Bug 1001151 - [oo-accept-node] Fails to check if users are properly in cgroups
Summary: [oo-accept-node] Fails to check if users are properly in cgroups
Keywords:
Status: CLOSED ERRATA
Alias: None
Product: OpenShift Container Platform
Classification: Red Hat
Component: Containers
Version: 1.2.0
Hardware: x86_64
OS: Linux
unspecified
medium
Target Milestone: ---
: ---
Assignee: Jason DeTiberus
QA Contact: libra bugs
URL:
Whiteboard:
Depends On: 1000174
Blocks:
TreeView+ depends on / blocked
 
Reported: 2013-08-26 14:49 UTC by Jason DeTiberus
Modified: 2017-03-08 17:35 UTC (History)
8 users (show)

Fixed In Version: openshift-origin-node-util-1.9.9.4-1.el6op
Doc Type: Bug Fix
Doc Text:
Due to bugs in the oo-accept-node script, processes that were running outside of the Cgroup environment were not detected correctly. This issue has been fixed in the current release of OpenShift Enterprise.
Clone Of: 1000174
Environment:
Last Closed: 2013-09-25 15:30:40 UTC
Target Upstream Version:
Embargoed:


Attachments (Terms of Use)


Links
System ID Private Priority Status Summary Last Updated
Red Hat Product Errata RHBA-2013:1275 0 normal SHIPPED_LIVE OpenShift Enterprise 1.2.3 bug fix and enhancement update 2013-09-25 19:26:23 UTC

Description Jason DeTiberus 2013-08-26 14:49:21 UTC
+++ This bug was initially created as a clone of Bug #1000174 +++

Description of problem:

While doing a little research into checking process' memory I stumbled upon a process that was _not_ being confined in cgroups but oo-accept-node did not report on this.

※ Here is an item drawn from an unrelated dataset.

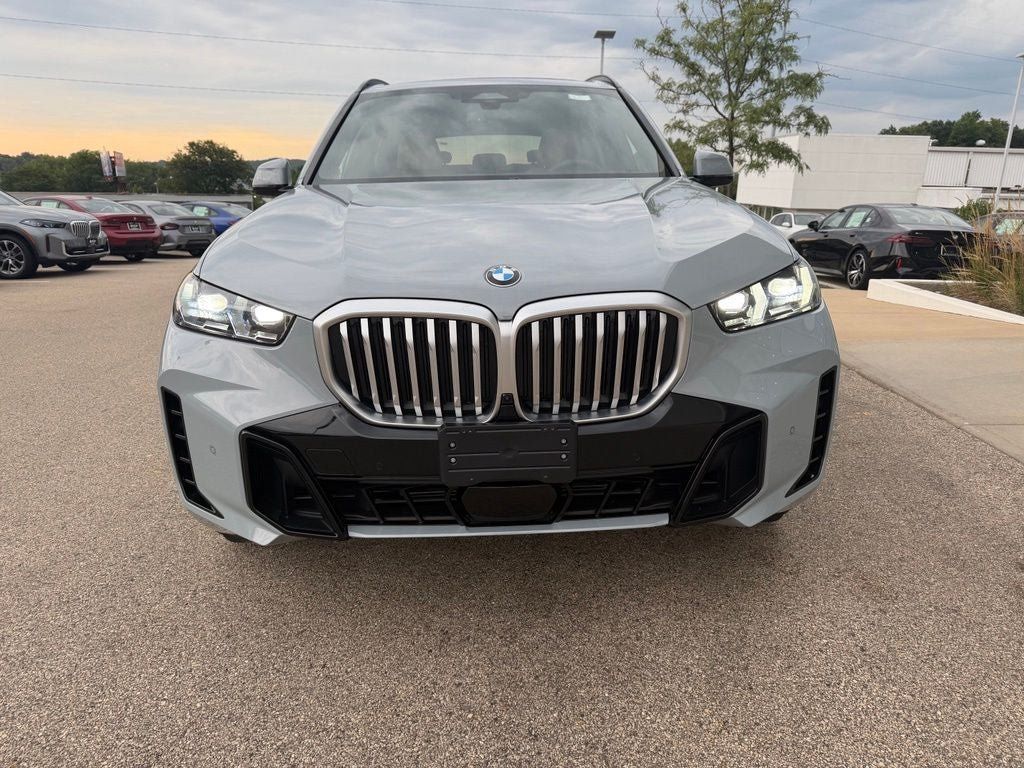 Used 2026 BMW X5 xDrive40i w/ M Sport Package AWD/4WD image 10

After some investigation I found a definite bug in oo-accept-node that doesn't detect cgroup processes correctly.

Version-Release number of selected component (if applicable):
Current

How reproducible:
Easy

Steps to Reproduce:
1. Start a process.
2. Remove the procs out of /cgroup/all/openshift/UUID/cgroup.procs
3. Run oo-accept-node -v

Actual results:
The check completely fails to detect when cgroup procs are not in the cgroup.procs file but are running in the ps table.

Expected results:
Properly detect processes that are running but not in cgroups.

Additional info:

There are a few problems here.

The ENV['GEAR_MIN_UID'] is '500'.  
-This is a string.  
-This is _also_ incorrect as the minimum gear UID should be 1000.  There should never be a gear less than 1000.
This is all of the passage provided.